How about making 2015 the year of being honest about how at least five babies and children in the metro area have been shot — four died — in drive-bys since October. Often, it’s because of the adults who circle in and out of their world.
Never miss a local story.
Not condoning violence here, but weaklings shoot from the street, then speed off. JaQuail’s mother pegged the mentality perfectly. She called the gunman a coward.
It’s possible the shooter is geographically challenged, that the house was picked randomly or in error. Maybe they meant to hit the house next door, or one on a nearby street.
But the same Kansas City, Kan., house where JaQuail was shot was targeted twice in recent months for a drive-by. That’s an indication that someone with ties to the house, however remote, has very dangerous enemies.
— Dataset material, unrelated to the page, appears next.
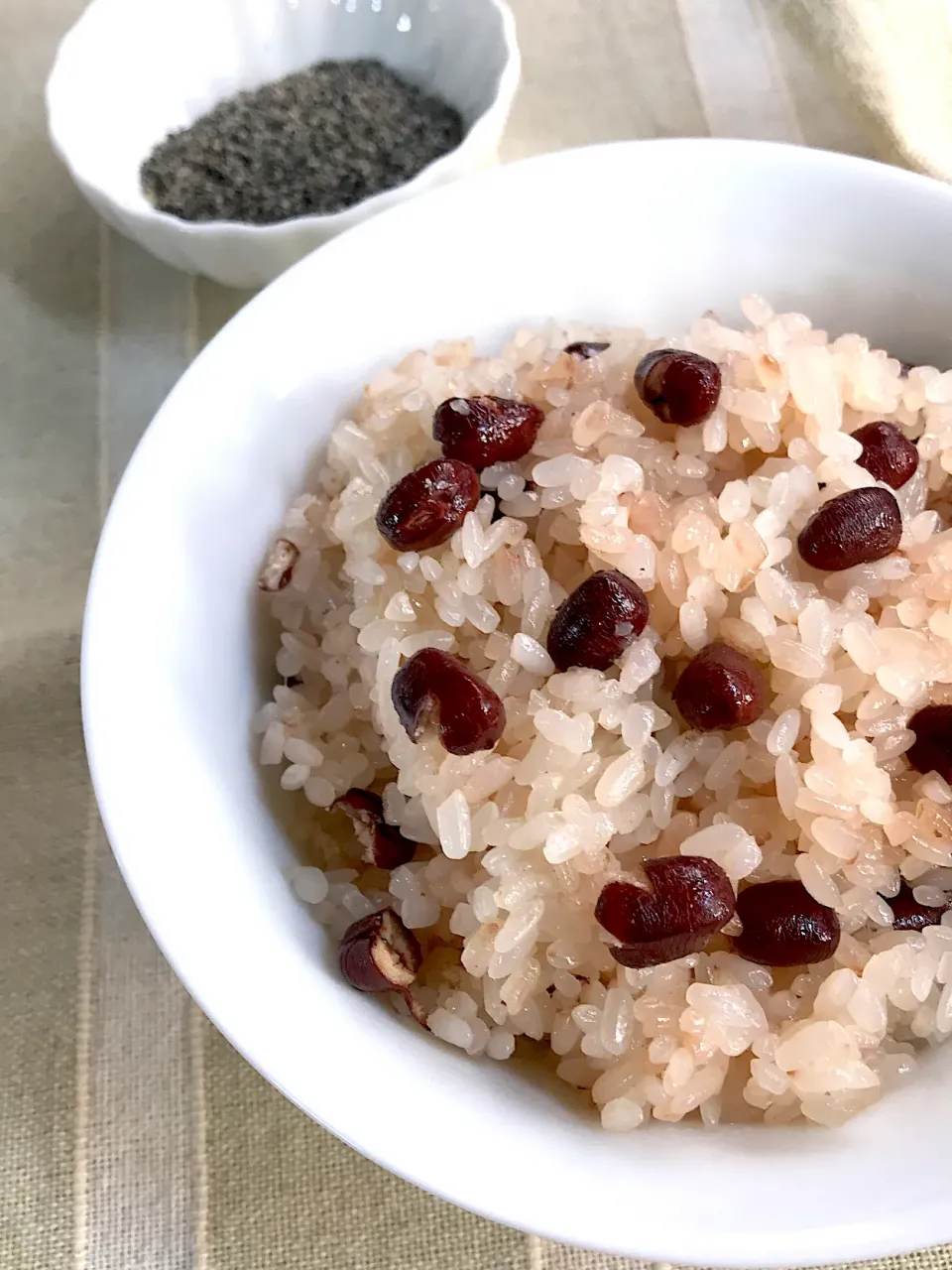 令和元年　新米もち米でお赤飯🎌|あまねこ🌿さん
Years ago, media began to publicize the narrative that some young black men believed they wouldn’t reach 30. The sad storyline was that some young men had started down such destructive pathways of gangs and guns, that they had little to hope for. So they accepted and planned for their lives to be short.
JaQuail’s death is another layer to that hopelessness. Now, some people don’t care who goes down with them. Five other children were also inside the home and could have easily been shot, too.
Some neighbors didn’t want to be identified in their comments on the shooting, fearing retaliation. They are scared and rightfully so. Imagine the hesitation that a family member or friend might hold if they suspect it’s their own blood or an associate of their kin who is somehow linked to the violence. Addressing that reality is a huge challenge for police and communities. Neighbors and family affected by violent crime need safe havens and strong public support as encouragement to speak up.
Someone knows something about who shot up that house. And more likely than not, it’s someone who’d also passed through that precious dead baby boy’s world.